### [Given data]
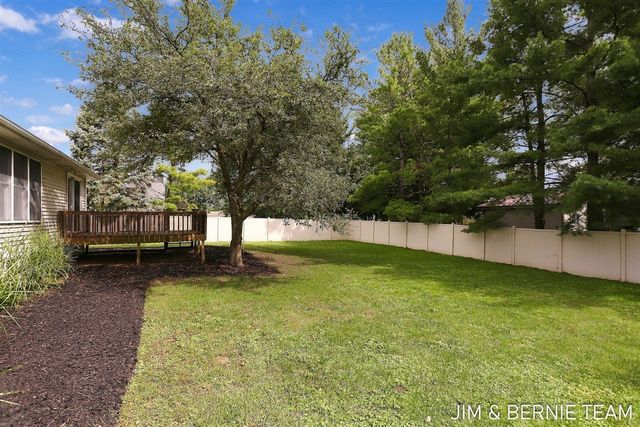 3114 Fox Fire Trail, Zeeland, MI 49464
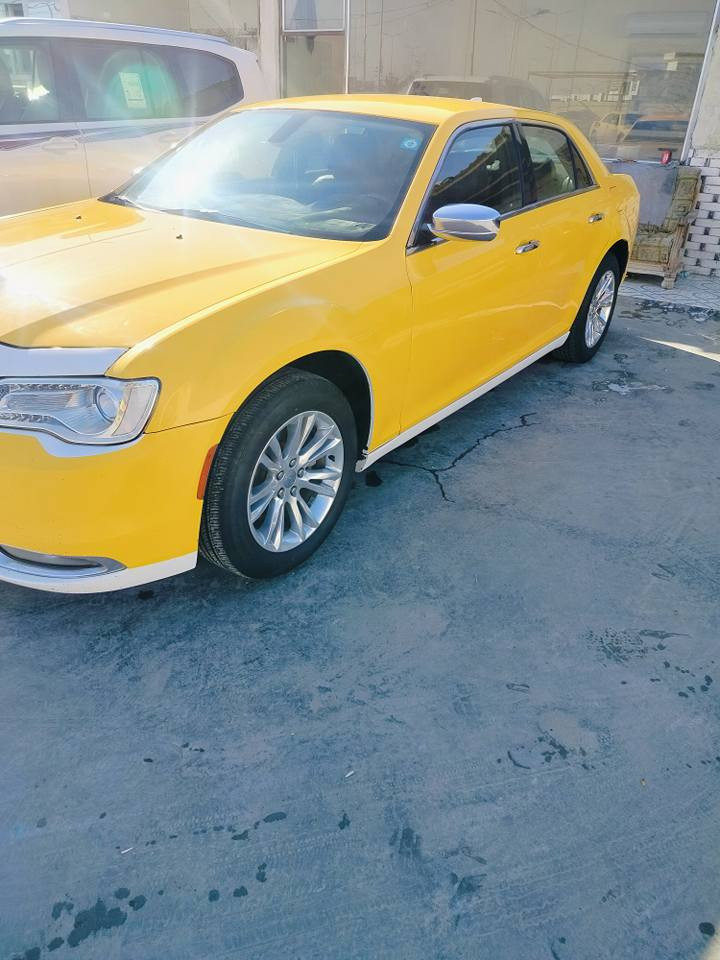 السلام عليكم وبامه مديل 18 اصل رقم بغداد بسمي مكينه كير اكسن حداده طخم ويلات طخم تاير جديد بدون ايرباك سياره حلوه وجهزه للبيع مراوس عادي مكاني ميسان *********** سعر 225 بيه مجال قليل
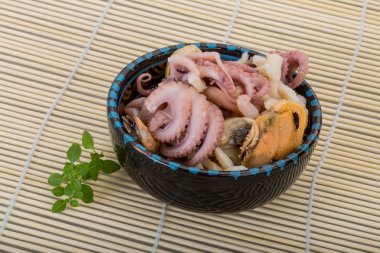 Deniz ürünleri kokteyl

### [Directions]
Print all the lines above again exactly, without any pictures.

### [Response]
 3114 Fox Fire Trail, Zeeland, MI 49464
 السلام عليكم وبامه مديل 18 اصل رقم بغداد بسمي مكينه كير اكسن حداده طخم ويلات طخم تاير جديد بدون ايرباك سياره حلوه وجهزه للبيع مراوس عادي مكاني ميسان *********** سعر 225 بيه مجال قليل
 Deniz ürünleri kokteyl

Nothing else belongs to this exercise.